My rule of thumb is the following: if I have edge effects, I read from a 2D texture, which provides boundary safety and is, apparently, optimized for 2D access. If I don’t, then I can read from linear memory.
More specifically, most operators in image processing are non-punctual, they require additional pixels outside the area of interest. For example, to calculate the output of a 3-tap FIR filter, one needs 2 additional pixels beside the current one. If you process the image in tiles (in a GPU, each block of threads would process one of these tiles) then you need to overlap these tiles so as to cover the erroneous pixels around the borders. I call these erroneous pixels edge effects. NVidia tutorials call the extra pixels that must be brought in the apron. To be efficient, global memory access needs to happen in a coalesced fashion, which entails reading from aligned addresses (in the newer chips, the coalescence requirements are more relaxed, but I think the alignment still stands). The need to overlap your tiles makes it difficult to follow the coalescence rules, that’s why I use 2D textures if overlaps (aprons) are needed. Hope it’s all clear :wacko:
I have understood the memory hierarchy of CUDA, so your sentence makes sense. But on the other hand, it does not describe what I have already seen.

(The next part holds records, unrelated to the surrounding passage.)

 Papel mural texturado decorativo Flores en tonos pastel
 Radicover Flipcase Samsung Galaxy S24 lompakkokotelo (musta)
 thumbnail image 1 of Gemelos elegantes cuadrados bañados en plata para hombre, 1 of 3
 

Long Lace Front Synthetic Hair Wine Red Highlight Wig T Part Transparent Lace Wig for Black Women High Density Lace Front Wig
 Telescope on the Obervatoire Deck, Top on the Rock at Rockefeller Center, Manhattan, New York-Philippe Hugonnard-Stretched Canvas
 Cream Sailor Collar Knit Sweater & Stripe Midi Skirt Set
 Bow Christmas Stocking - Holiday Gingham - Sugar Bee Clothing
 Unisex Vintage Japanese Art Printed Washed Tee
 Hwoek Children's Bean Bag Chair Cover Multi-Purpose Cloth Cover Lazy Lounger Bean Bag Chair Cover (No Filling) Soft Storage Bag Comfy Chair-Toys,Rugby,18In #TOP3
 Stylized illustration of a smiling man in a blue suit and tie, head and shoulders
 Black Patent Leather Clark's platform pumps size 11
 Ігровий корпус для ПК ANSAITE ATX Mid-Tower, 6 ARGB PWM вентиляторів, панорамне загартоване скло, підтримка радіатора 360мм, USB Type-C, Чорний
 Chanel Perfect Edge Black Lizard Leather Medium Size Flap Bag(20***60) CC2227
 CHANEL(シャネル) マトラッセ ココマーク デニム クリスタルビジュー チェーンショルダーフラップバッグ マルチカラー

Let me explain :
In the CUDA doc, the matrix addition is a basic example : a cudamalloc() will allocate memory on the device (in the global mem), and the the kernels will read/write to that mem to perform the additions.
Do you mean that for better performance, even such a simple example would require to prepare the kernels, by copying first a submatrix into the shared memory of each block, then perform the kernels, then copy back the shared memory to global memory, then copy back from device to host ?
As far as I understand, this would have the following form :
//on host
{
cudaMalloc() the matrices on the device
cudamemcpy() from host to global device mem
launch kernel_matrix_add<<<>>>
cudamemcpy() from global device mem to host
}
//on device
kernel_matrix_add()
{
if (threadIdx == 0) //only the fist thread to minimize global mem access
cudamemcpy() from global mem to shared block mem
threadssycnhronize();
perform additions on the current kernel sub matrix : they only access shared memory for better perf.
threadssycnhronize();
if (threadIdx == 0) //only the fist thread to minimize global mem access
cudamemcpy() from shared block mem to global mem
}
you do not do a cudamemcpy. Each thread (not only thread 0!) assigns some element of a global memory array to a shared memory array element. There are plenty of examples in the SDK that do this, for example the reduction example.